## Work to be completed
Every entry is to be returned as it stands, apart from the pictures.

===== Data for this task

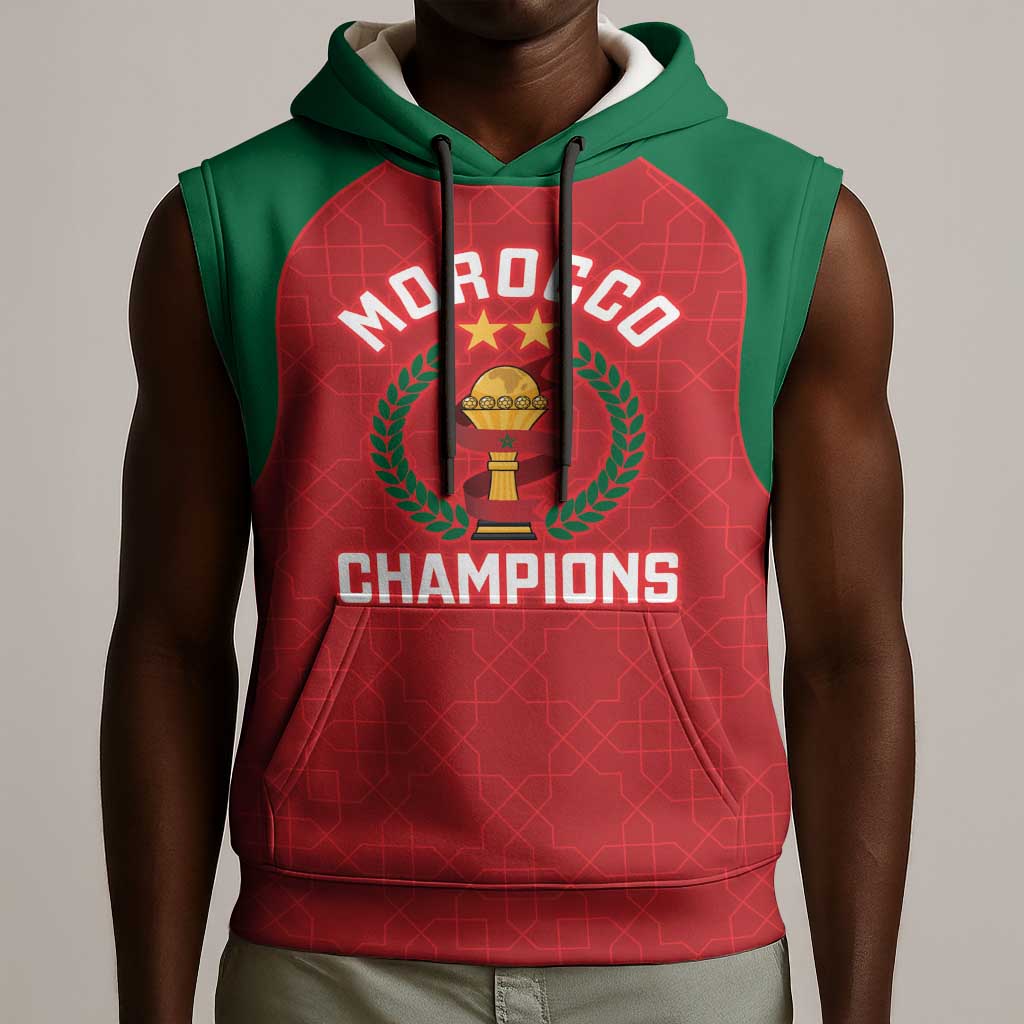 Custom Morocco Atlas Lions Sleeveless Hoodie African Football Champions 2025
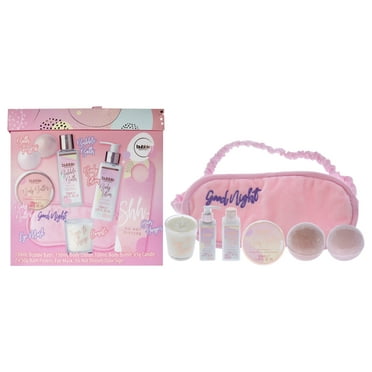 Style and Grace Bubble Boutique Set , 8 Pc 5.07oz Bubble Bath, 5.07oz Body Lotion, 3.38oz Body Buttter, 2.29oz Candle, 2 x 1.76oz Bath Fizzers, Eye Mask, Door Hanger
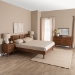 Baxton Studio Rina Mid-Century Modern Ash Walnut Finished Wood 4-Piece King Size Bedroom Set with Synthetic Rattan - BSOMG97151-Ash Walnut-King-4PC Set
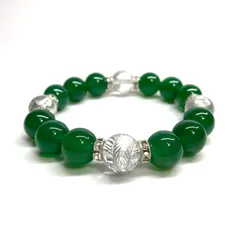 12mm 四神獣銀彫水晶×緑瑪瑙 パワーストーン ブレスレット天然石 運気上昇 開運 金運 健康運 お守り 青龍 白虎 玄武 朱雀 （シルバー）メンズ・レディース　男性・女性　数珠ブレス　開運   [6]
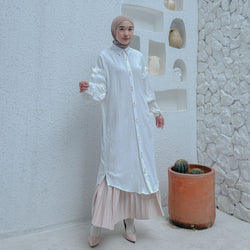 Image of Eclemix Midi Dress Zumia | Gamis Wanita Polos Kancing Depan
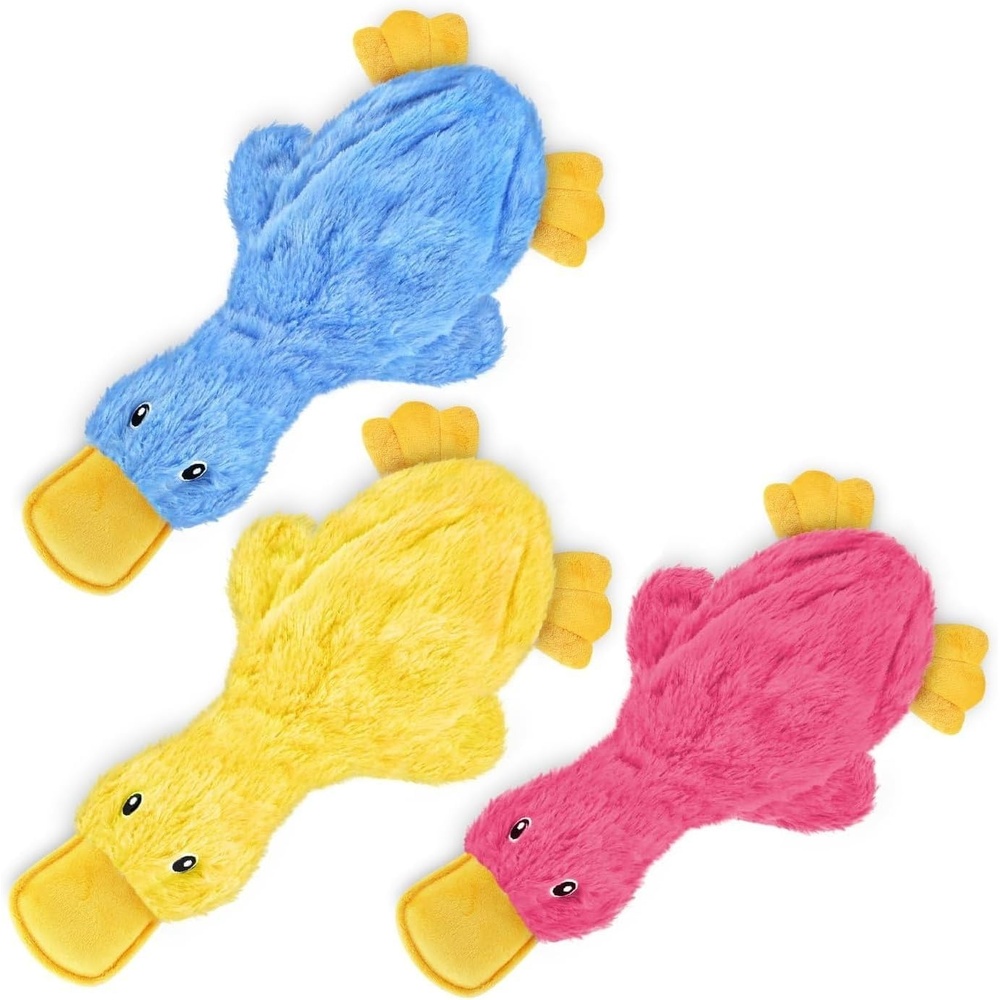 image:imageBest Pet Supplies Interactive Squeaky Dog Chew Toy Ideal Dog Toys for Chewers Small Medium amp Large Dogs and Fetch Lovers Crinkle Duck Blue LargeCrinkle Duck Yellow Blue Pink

==========

## Final answer
 Custom Morocco Atlas Lions Sleeveless Hoodie African Football Champions 2025
 Style and Grace Bubble Boutique Set , 8 Pc 5.07oz Bubble Bath, 5.07oz Body Lotion, 3.38oz Body Buttter, 2.29oz Candle, 2 x 1.76oz Bath Fizzers, Eye Mask, Door Hanger
 Baxton Studio Rina Mid-Century Modern Ash Walnut Finished Wood 4-Piece King Size Bedroom Set with Synthetic Rattan - BSOMG97151-Ash Walnut-King-4PC Set
 12mm 四神獣銀彫水晶×緑瑪瑙 パワーストーン ブレスレット天然石 運気上昇 開運 金運 健康運 お守り 青龍 白虎 玄武 朱雀 （シルバー）メンズ・レディース　男性・女性　数珠ブレス　開運   [6]
 Image of Eclemix Midi Dress Zumia | Gamis Wanita Polos Kancing Depan
 image:imageBest Pet Supplies Interactive Squeaky Dog Chew Toy Ideal Dog Toys for Chewers Small Medium amp Large Dogs and Fetch Lovers Crinkle Duck Blue LargeCrinkle Duck Yellow Blue Pink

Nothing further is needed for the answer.